Afreximbank to set up $5bn textile industrial facility in Nigeria

The outgoing President, African Export-Import Bank (Afreximbank), Benedict Oramah has announced that the bank will commence construction of a $5 billion integrated textile industrial facility in Nigeria in July this year, as part of a bold continent-wide industrialisation strategy
The facility, to be developed under a partnership between Afreximbank, Arise IIP and Swiss textile equipment manufacturer Reiter, is expected to revive Nigeria’s moribund cotton industry, save the country up to $4.7 billion annually in textile imports, and create up to 250,000 jobs.
“This would be one of the very large textile facilities being developed under a $5 billion partnership… supported by the Swiss Government,” Oramah said in his speech at the bank’s just concluded 32nd Annual Meetings in Abuja.

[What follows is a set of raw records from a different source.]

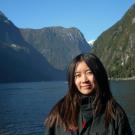 Student pictured in front of a picturesque New Zealand landscape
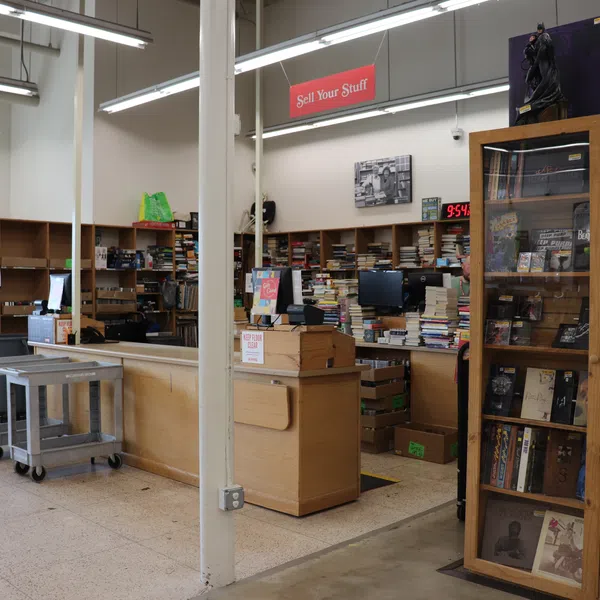 Interior of a bookstore with shelves full of books, a Sell Your Stuff counter, and Gifts & Stationery section.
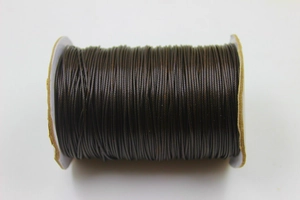Close-up of deep brown round waxed cord spool for DIY handmade jewelry weaving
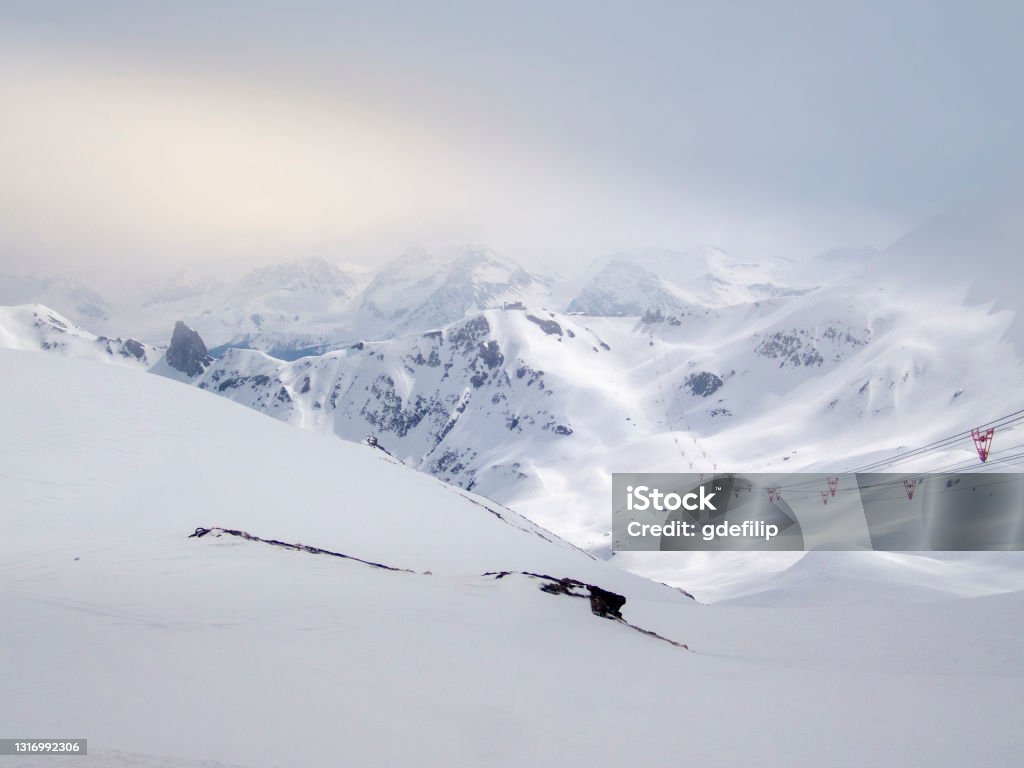 Fresh tracks on the snow slopes in Lenzerheide early in the morning Arosa Stock Photo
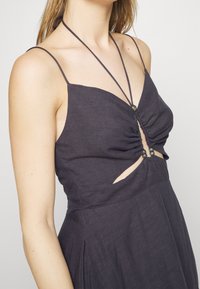Femme portant une robe sans manches sombre avec de fines bretelles, un plissé au niveau de la poitrine et une découpe sous la poitrine avec des perles décoratives sur les liens.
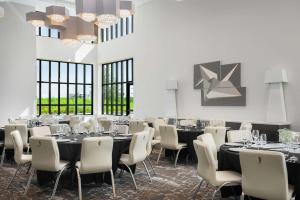 a dining room with tables and chairs and windows at Hilton Garden Inn Orlando I-4 Millenia Blvd Mall in Orlando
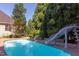Backyard pool with slide surrounded by mature landscaping and lush green trees under a bright blue sky at 2012 Silverleaf Dr, Youngsville, NC 27596
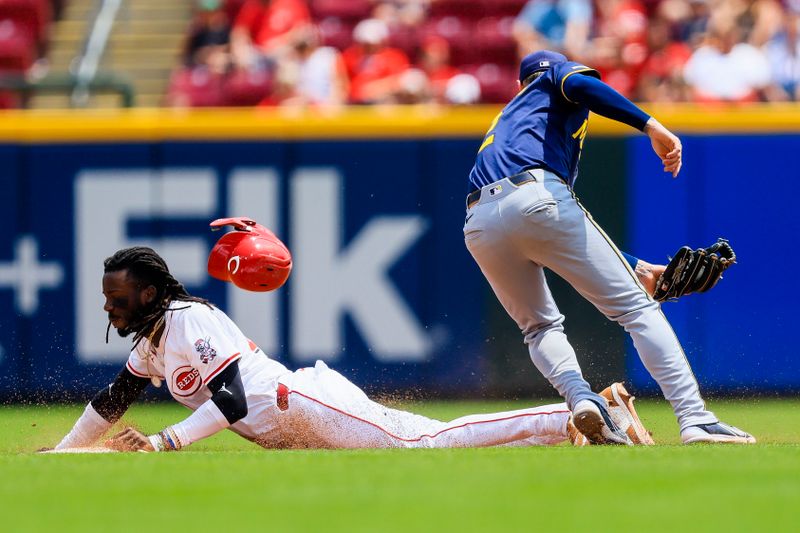 Jun 4, 2025; Cincinnati, Ohio, USA; Cincinnati Reds shortstop Elly De La Cruz (44) steals second against Milwaukee Brewers second baseman Brice Turang (2) in the sixth inning at Great American Ball Park. Mandatory Credit: Katie Stratman-Imagn Images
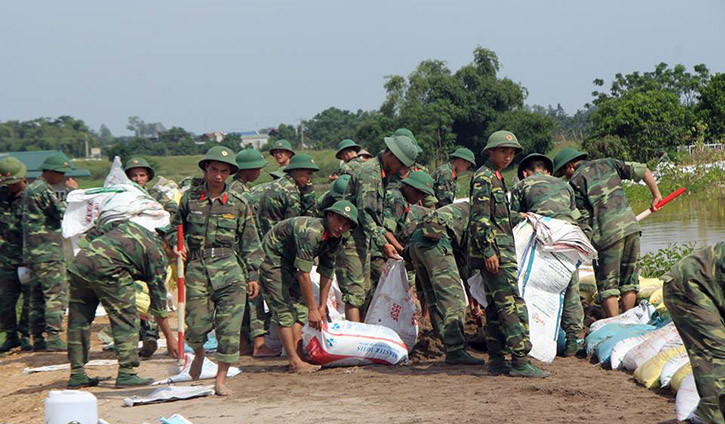 Bộ đội và người dân đang tích cực chèn bao cát, ngăn nước lũ tràn qua đê.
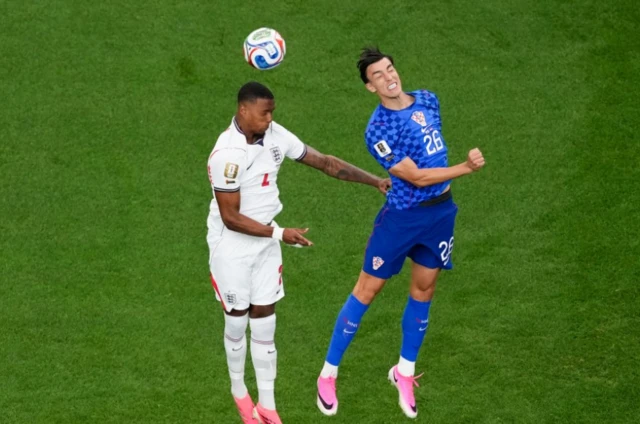England's Ezri Konsa and Croatia's Luka Vuskovic (right) battle for the ball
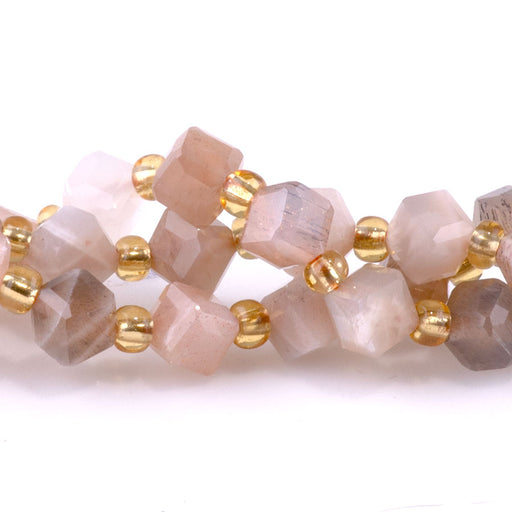 This is a Dakota Stones Rainbow Moonstone Mm Corner Gemstone strand with table-cut cube beads in 15-16 inch strand.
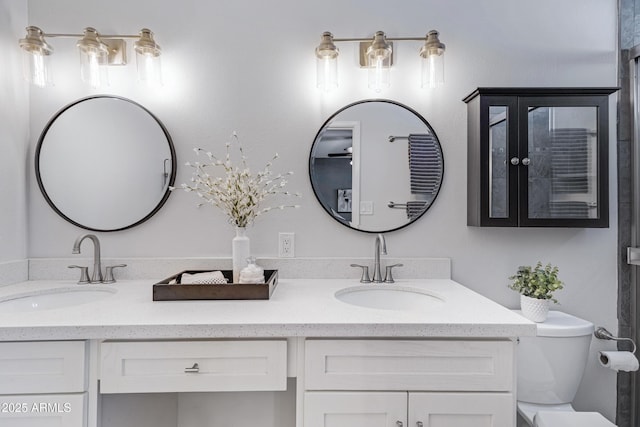 bathroom with double vanity, a sink, and toilet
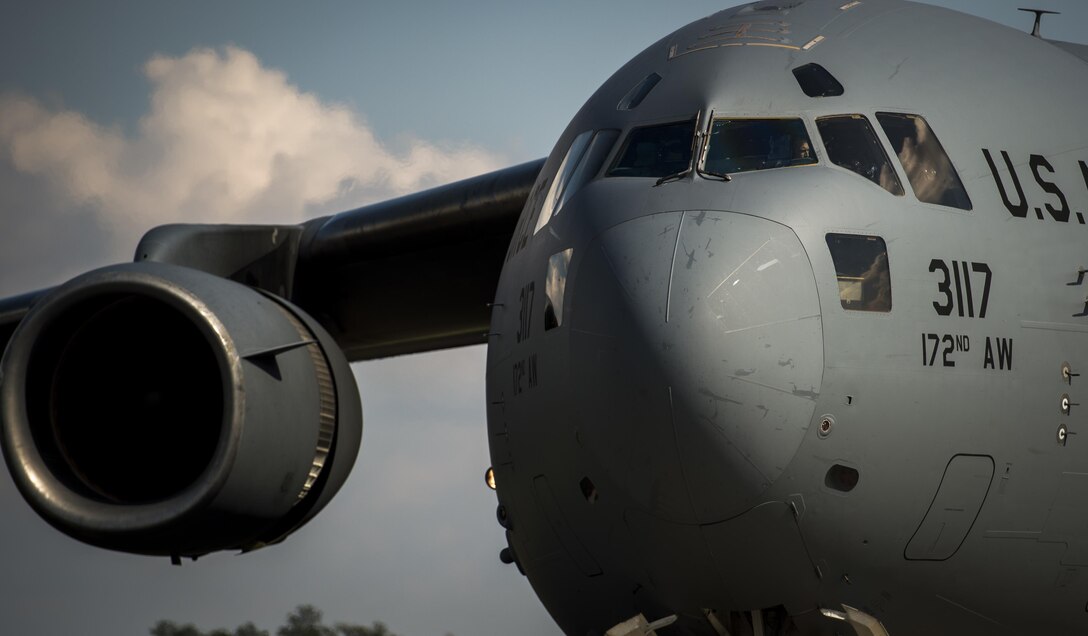 A Mississippi Air National Guard pilot from the 172nd Airlift Wing looks out the window during an engine run offload on the flightline at Camp Shelby Joint Forces Training Center, Miss., during Exercise Turbo Distribution Oct. 29, 2015. The U.S. Transportation Command exercise tests the joint task force-port opening's ability to deliver and distribute cargo during humanitarian relief operations. (U.S. Air Force photo/Staff Sgt.
Marianique Santos)
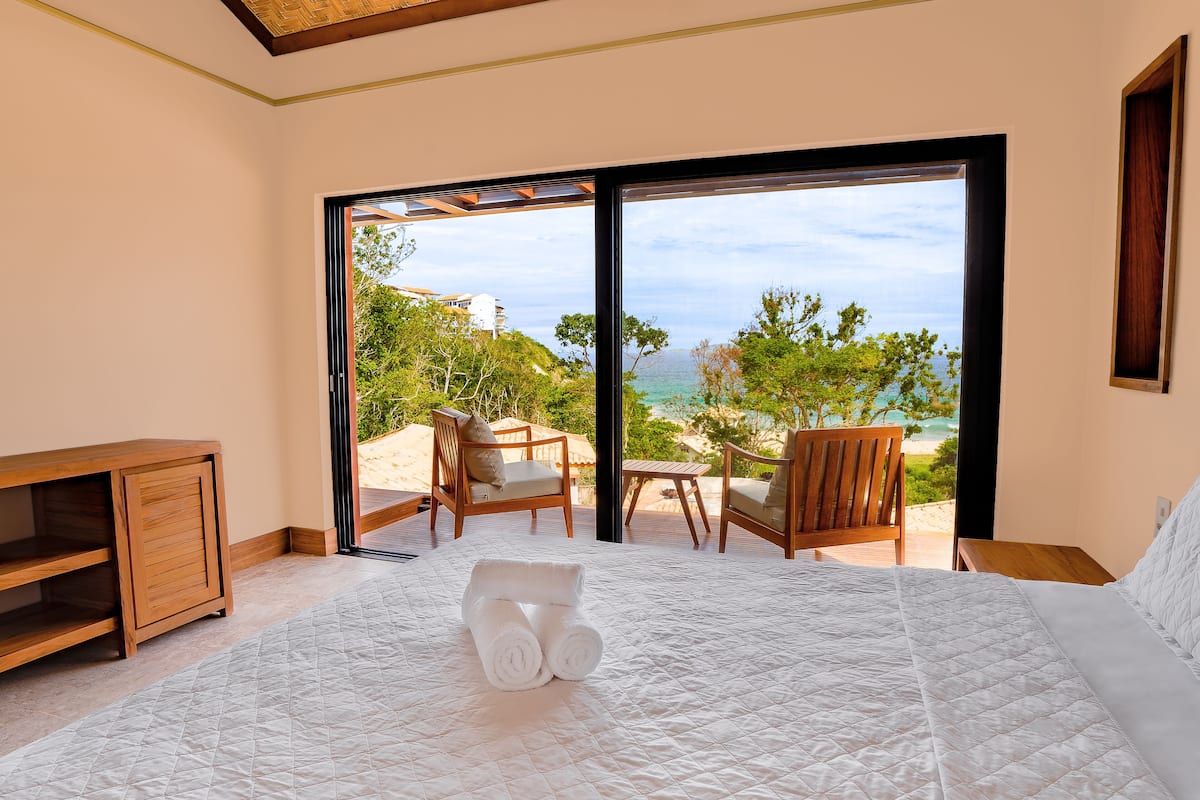 A bedroom with a large bed, a wooden nightstand, a wooden chair, and a view of the beach and ocean through a sliding door.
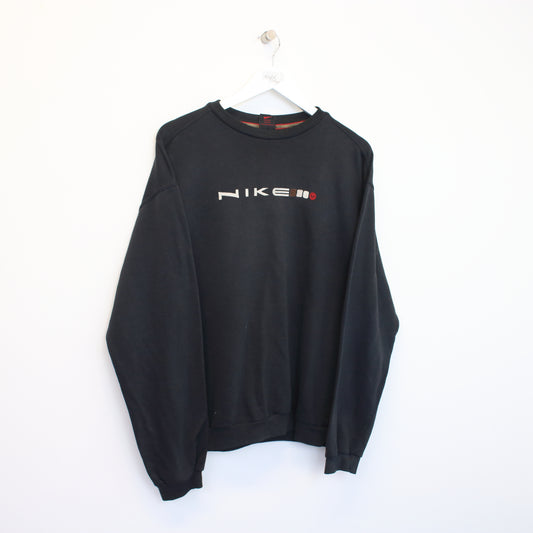 Vintage Nike spellout sweatshirt in black. Best fits M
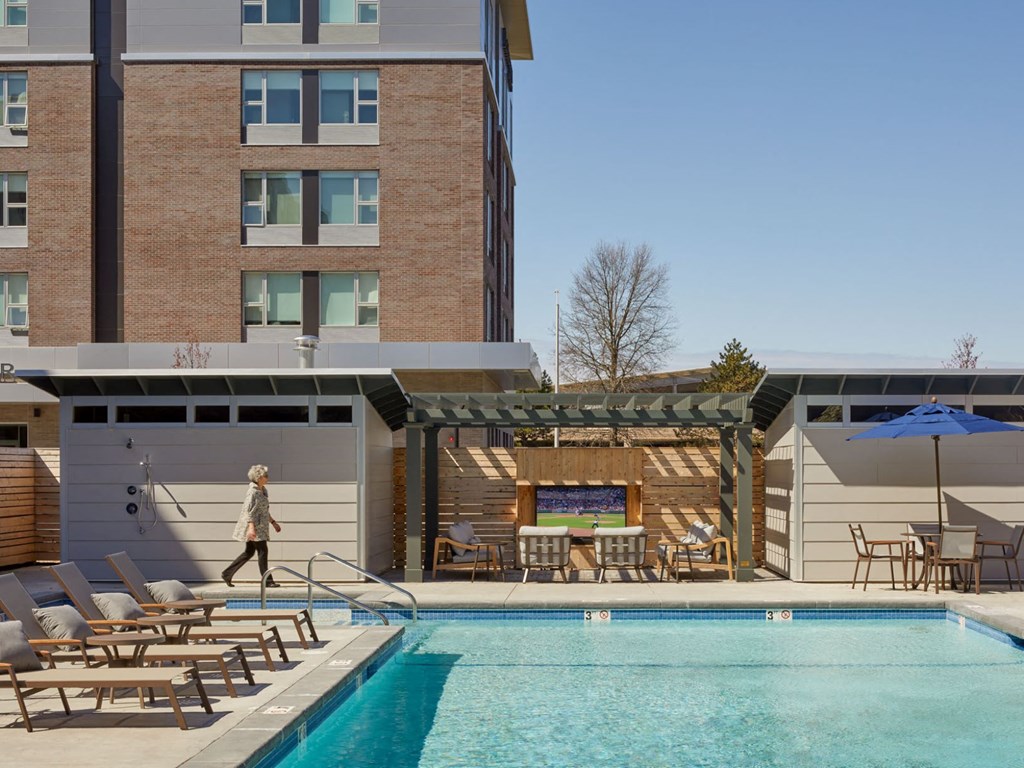 a woman walking next to a swimming pool in front of a building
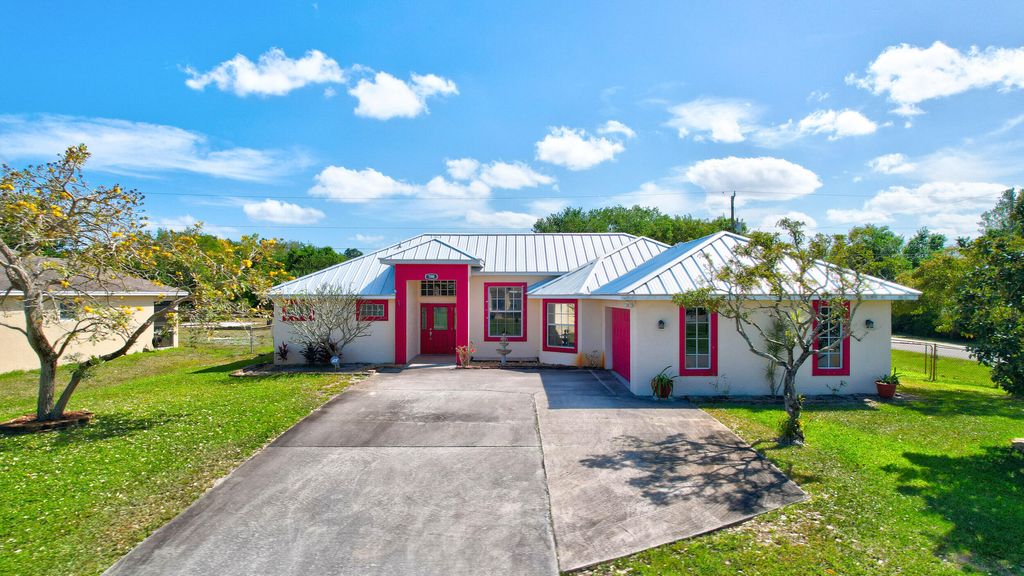 Photo of 590 SW Halkell Avenue, Port Saint Lucie, FL 34953 (MLS # R10970916)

This landmark project underscores Afreximbank’s deepening focus on industrialisation, which Oramah described as the “cornerstone of Africa’s economic transformation.”
The move also forms part of the bank’s broader ambition to anchor Africa’s trade resilience and self-reliance, following years of foreign dependence that, he argued, have yielded little progress.
Looking ahead, Oramah projected that Afreximbank’s total assets and guarantees—currently at $43.5 billion—could surpass $250 billion in the next decade. “I have no doubt that we would see that… because it is by our owning and controlling a bank of that size that Africa can hope to escape from the shame of poverty and underdevelopment,” he said.
The textile facility announcement was one of several landmark interventions Oramah revealed in what was his final annual address after a decade at the helm. He steps down this weekend as Afreximbank’s third president, having overseen a transformative period for the institution and the continent’s economic infrastructure.